American director, producer and writer, frequently of Gothic flavoured fantasy who has acquired a cult following in spite of the huge mainstream success of many of his projects. He began as an animator at Disney, who allowed him to work on his own projects while animating the likes of The Fox and the Hound, which garnered the attention of Paul Reubens to direct Pee Wee's Big Adventure.

Next up was supernatural comedy Beetle Juice, leading to the massively hyped Batman and Batman Returns; in the middle was a more personal project, the melancholy Edward Scissorhands. Ed Wood was a biopic of the world's worst director, a flop with a loyal following, Mars Attacks was an alien invasion spoof that got lost in the Independence Day publicity, and Burton ended the 1990s with hit horror Sleepy Hollow.

The 2000s saw the poorly received Planet of the Apes remake, but Big Fish, a father and son tale more personal to the director fared better. Charlie and the Chocolate Factory was unsatisfying, but a success, and Sweeney Todd was another collaboration with frequent leading man Johnny Depp. Burton hasn't turned his back on animation, mind you, with both The Nightmare Before Christmas and Corpse Bride fast becoming cult favourites.

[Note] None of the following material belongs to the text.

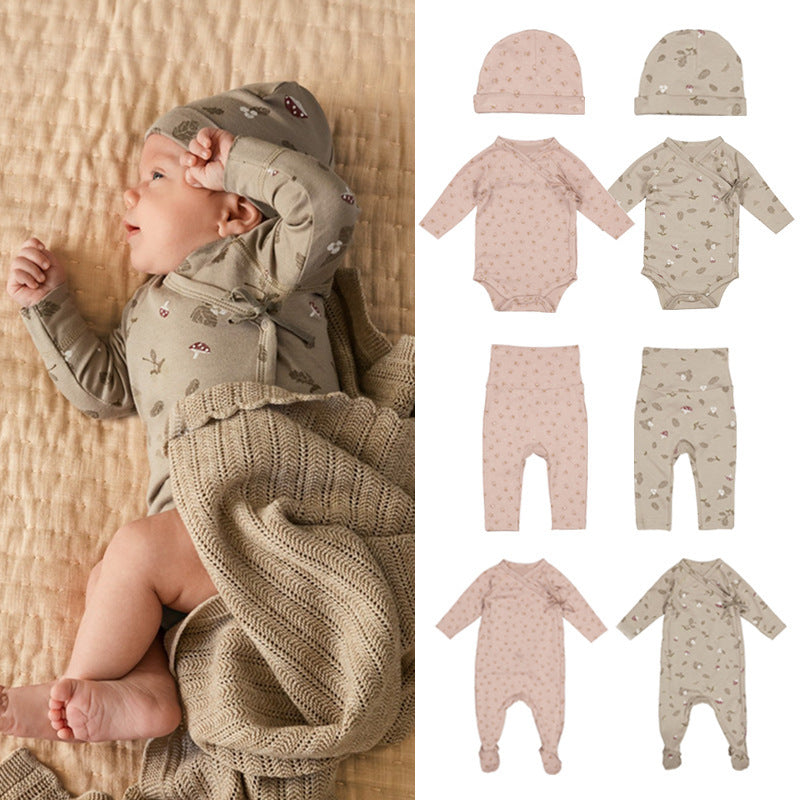Cotton Baby RompersPrinted Suit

A reimagining of Alice in Wonderland rewarded him with a further hit, though again reaction was mixed, as it was with horror soap adaptation Dark Shadows and animated update Frankenweenie. He returned to biopic territory with Big Eyes, then next was young adult fantasy Miss Peregrine's Home for Peculiar Children and one of those Disney juggernauts, the live action remake of Dumbo.